BEGIN

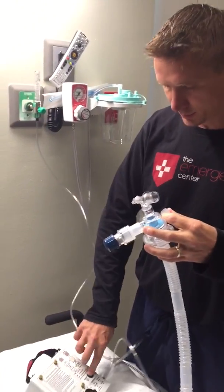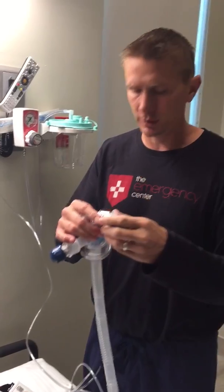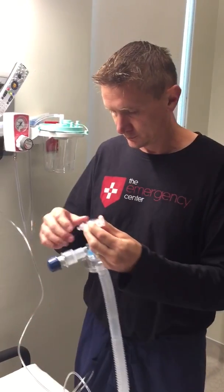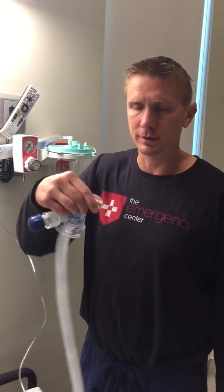We're getting an alarm because when I undid this I put my hand here and it felt too much pressure. So once you've got this, take that off, put your ET tube on, hook that right to your ET tube, and you should be good to go. Thanks.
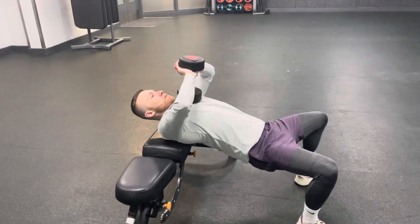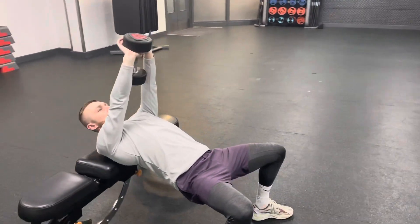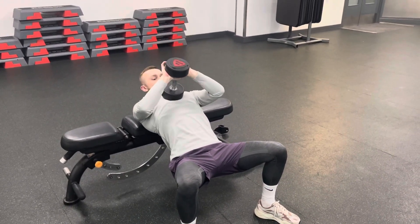Flare the elbows right out. Press the dumbbell just above your chest all the way up and back out again. As you can see, always flaring the elbows out, always making sure that the feet stay rooted to the ground. Big squeeze through the chest.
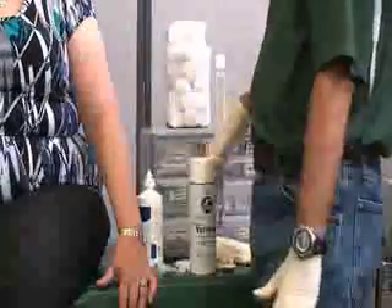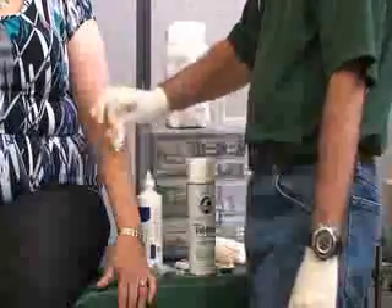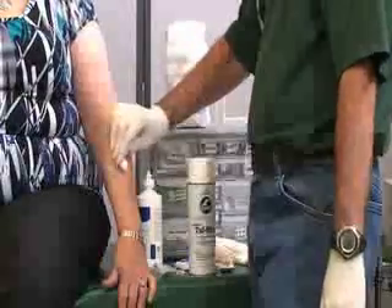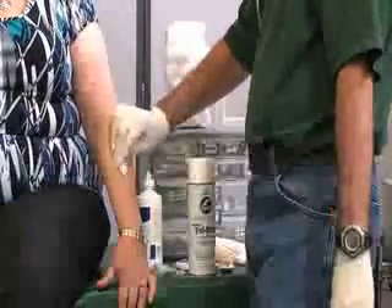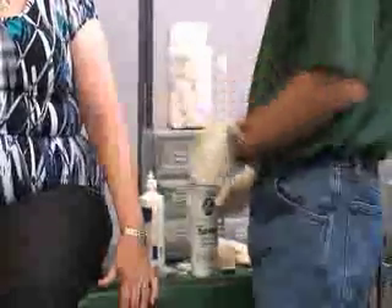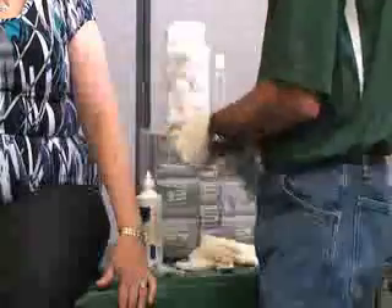After we inspect the wound, we can help control the bleeding with our gauze. Once the bleeding stops and we know the size of our wound, we want to make sure that the sides of the Steri-Strips or the butterfly bandage stick to the sides.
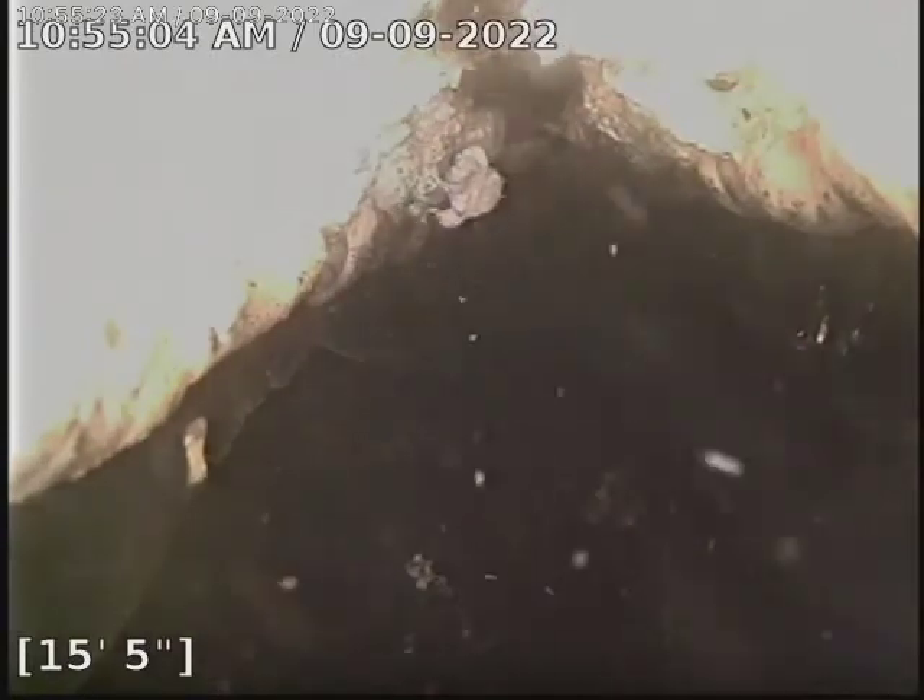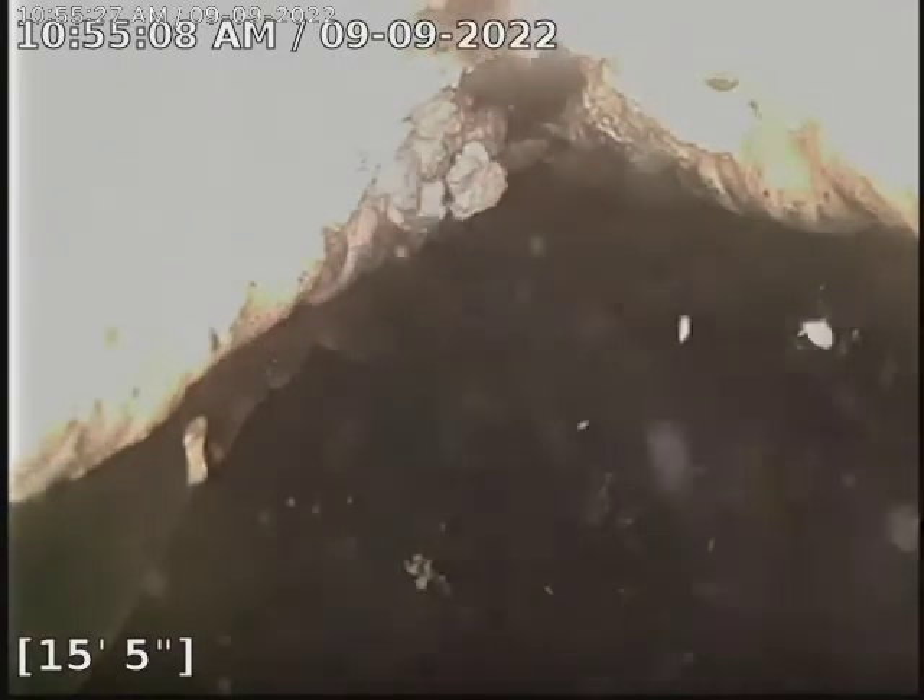Hello, this is Peter with Bullrich Plumbing here at 6427 Everett Boulevard doing a camera inspection down here in the basement. We are not looking at the city tap — we are unfortunately under the house. This is how far my camera can go and this is where we're having some issues here in the line.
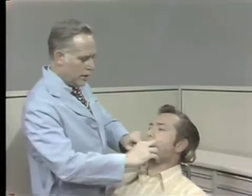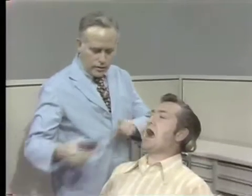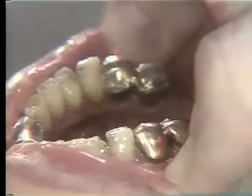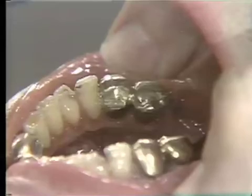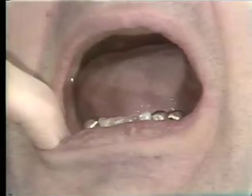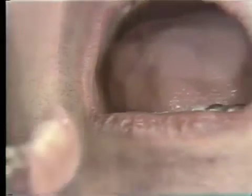Below, we have a class 1 partial denture with free end saddles, which is anchored on the left on the first bicuspid, which is splinted on the left to the cuspid. On the right, we have a full crown, and the partial denture utilizes wrought wire clasps.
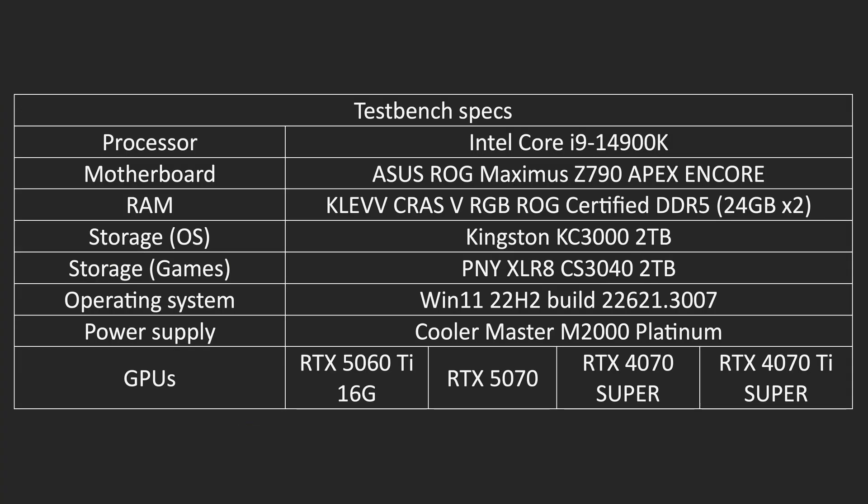For our test bench, we are using the list of specs shown on screen here. Honestly, there is no reason to use such high-end hardware with the RTX 5060 Ti, but for our setup in particular, this just means there will be no bottlenecks for this card.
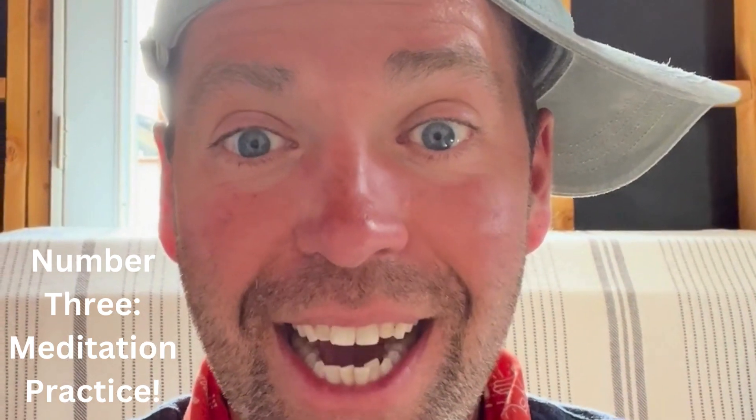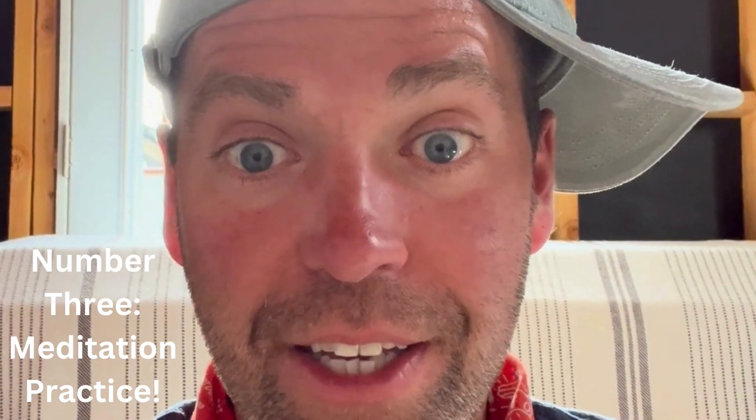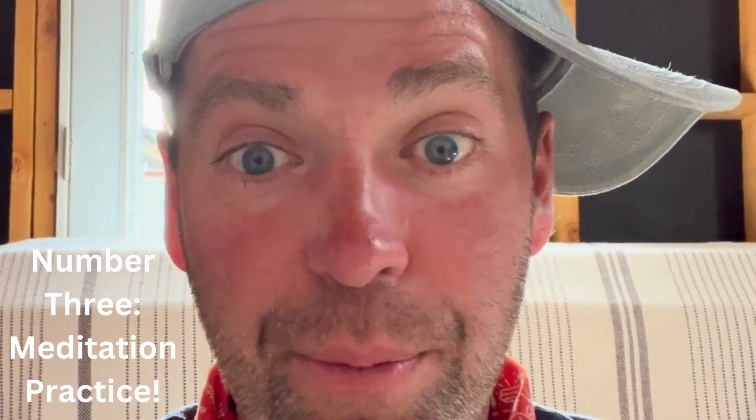Number two: drink 24 ounces of water within five minutes of waking up. We are a dehydrated species. We need to drink more water — it has numerous benefits, and this will be the kickstart to your day, making up for the water inefficiency that will probably appear throughout the day. So drink 24 ounces of water.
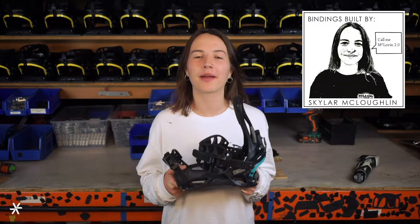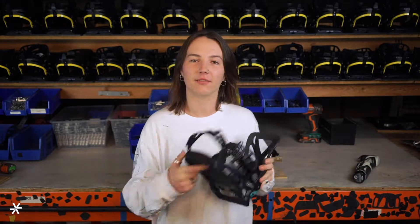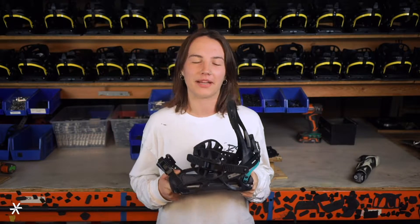This is the Prime Connect Women's from our Connect series of bindings. This binding was built with the goal of making the best turning binding possible. We start with active joining technology, which means that instead of one connection point, it's spring-loaded from all four corners, which allows you to transmit energy more efficiently from binding to board.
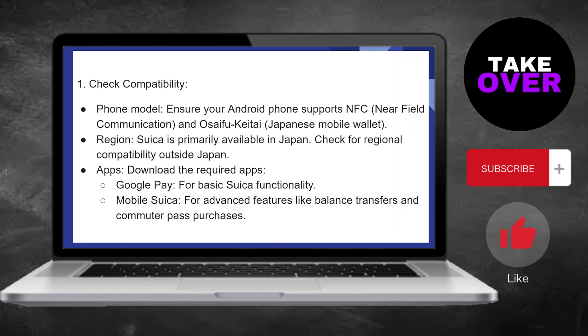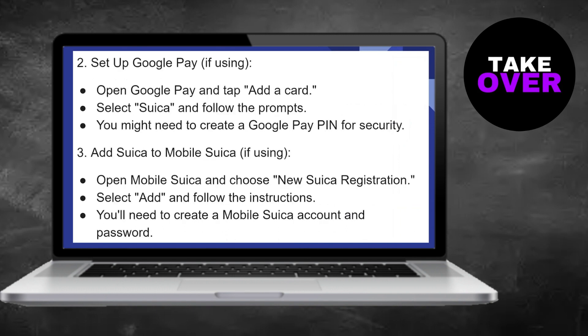Next, download the required apps — Google Pay and Mobile Suica — from the App Store. Open Google Pay and tap on Add a Card. Here, select Suica and follow the prompts. You may need to create a Google Pay PIN for security.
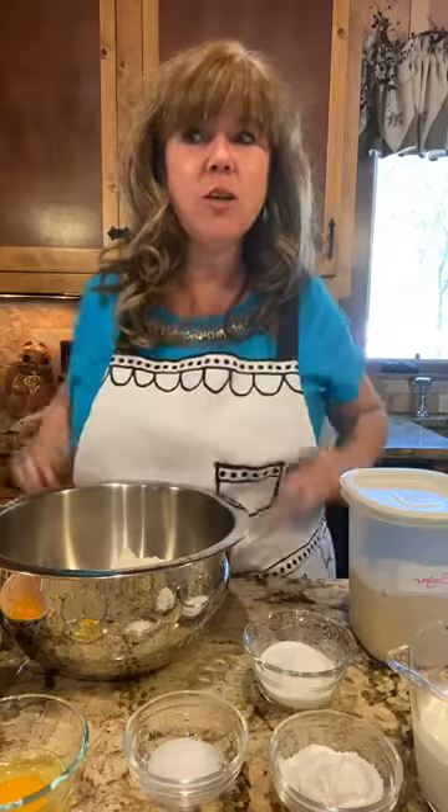Hi everybody, I'm Debbie Reynolds with Rocky Mountain Lodge. I am so excited for this month of May to start you out by showing you one of my very favorite things that I love to do and how I like to entertain. My favorite thing that I like to do is host tea parties.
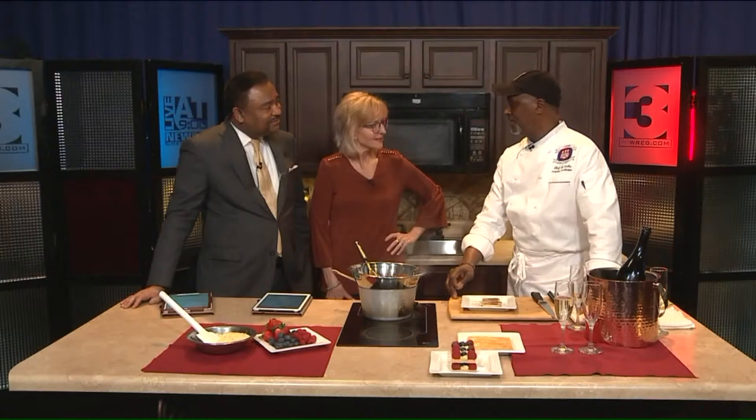First of all, that award — congratulations. Thank you very much. It's a national award across the country, so it's 1100 community colleges, and this award recognizes outstanding faculty at these schools.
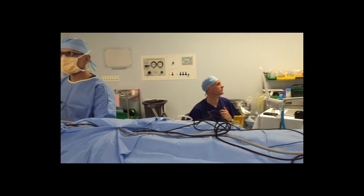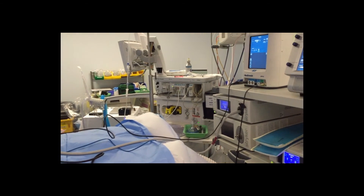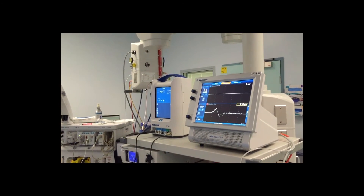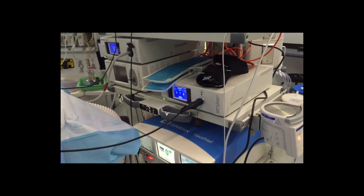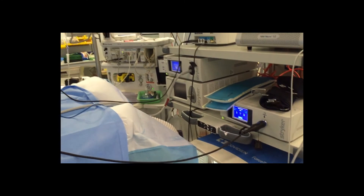The diathermy, drill, facial nerve monitor, as well as other peripherals such as the Sonopet or the laser, can be kept at the end of the bed. This allows the scalp nurse to monitor the screens without getting in the way of the surgeon and the scrub nurse.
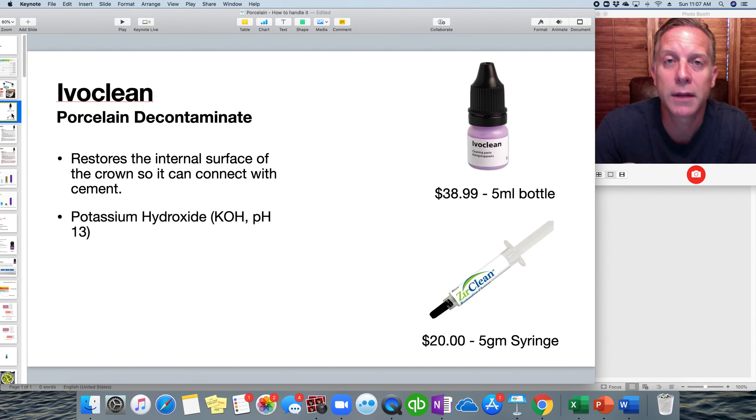Instead of sandblasting, we use Ivoclean to clean the internal of lithium disilicate restorations, and we also use it on zirconia. It's a porcelain decontaminant. Whenever you get a crown from the lab, or if the patient has lost a crown and you try it in to make sure everything fits well, saliva gets inside the crown. Saliva contains a lot of phosphates, which bind to the internal surface — especially zirconia — and can reduce adhesion. So you want to decontaminate it completely.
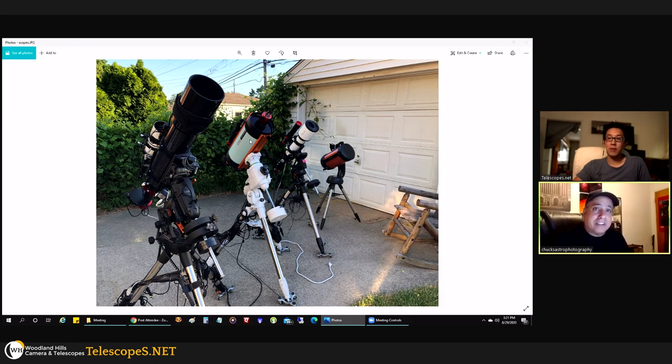For planetary I use the ASI 224 MC color camera. There's one camera I still have in mind — the ASI 533. It's a color camera and I'd like to attach it to the Rasa to capture the Andromeda Galaxy. I can't see myself cycling through LRGB filters manually for that — I really need a color camera.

END

[Exercise directions] Skip every image and output the remaining records exactly.

[Result for this task]
We're getting an alarm because when I undid this I put my hand here and it felt too much pressure. So once you've got this, take that off, put your ET tube on, hook that right to your ET tube, and you should be good to go. Thanks.
Flare the elbows right out. Press the dumbbell just above your chest all the way up and back out again. As you can see, always flaring the elbows out, always making sure that the feet stay rooted to the ground. Big squeeze through the chest.
After we inspect the wound, we can help control the bleeding with our gauze. Once the bleeding stops and we know the size of our wound, we want to make sure that the sides of the Steri-Strips or the butterfly bandage stick to the sides.
Hello, this is Peter with Bullrich Plumbing here at 6427 Everett Boulevard doing a camera inspection down here in the basement. We are not looking at the city tap — we are unfortunately under the house. This is how far my camera can go and this is where we're having some issues here in the line.
Below, we have a class 1 partial denture with free end saddles, which is anchored on the left on the first bicuspid, which is splinted on the left to the cuspid. On the right, we have a full crown, and the partial denture utilizes wrought wire clasps.
For our test bench, we are using the list of specs shown on screen here. Honestly, there is no reason to use such high-end hardware with the RTX 5060 Ti, but for our setup in particular, this just means there will be no bottlenecks for this card.
Number two: drink 24 ounces of water within five minutes of waking up. We are a dehydrated species. We need to drink more water — it has numerous benefits, and this will be the kickstart to your day, making up for the water inefficiency that will probably appear throughout the day. So drink 24 ounces of water.
This is the Prime Connect Women's from our Connect series of bindings. This binding was built with the goal of making the best turning binding possible. We start with active joining technology, which means that instead of one connection point, it's spring-loaded from all four corners, which allows you to transmit energy more efficiently from binding to board.
Next, download the required apps — Google Pay and Mobile Suica — from the App Store. Open Google Pay and tap on Add a Card. Here, select Suica and follow the prompts. You may need to create a Google Pay PIN for security.
Hi everybody, I'm Debbie Reynolds with Rocky Mountain Lodge. I am so excited for this month of May to start you out by showing you one of my very favorite things that I love to do and how I like to entertain. My favorite thing that I like to do is host tea parties.
First of all, that award — congratulations. Thank you very much. It's a national award across the country, so it's 1100 community colleges, and this award recognizes outstanding faculty at these schools.
The diathermy, drill, facial nerve monitor, as well as other peripherals such as the Sonopet or the laser, can be kept at the end of the bed. This allows the scalp nurse to monitor the screens without getting in the way of the surgeon and the scrub nurse.
Instead of sandblasting, we use Ivoclean to clean the internal of lithium disilicate restorations, and we also use it on zirconia. It's a porcelain decontaminant. Whenever you get a crown from the lab, or if the patient has lost a crown and you try it in to make sure everything fits well, saliva gets inside the crown. Saliva contains a lot of phosphates, which bind to the internal surface — especially zirconia — and can reduce adhesion. So you want to decontaminate it completely.
For planetary I use the ASI 224 MC color camera. There's one camera I still have in mind — the ASI 533. It's a color camera and I'd like to attach it to the Rasa to capture the Andromeda Galaxy. I can't see myself cycling through LRGB filters manually for that — I really need a color camera.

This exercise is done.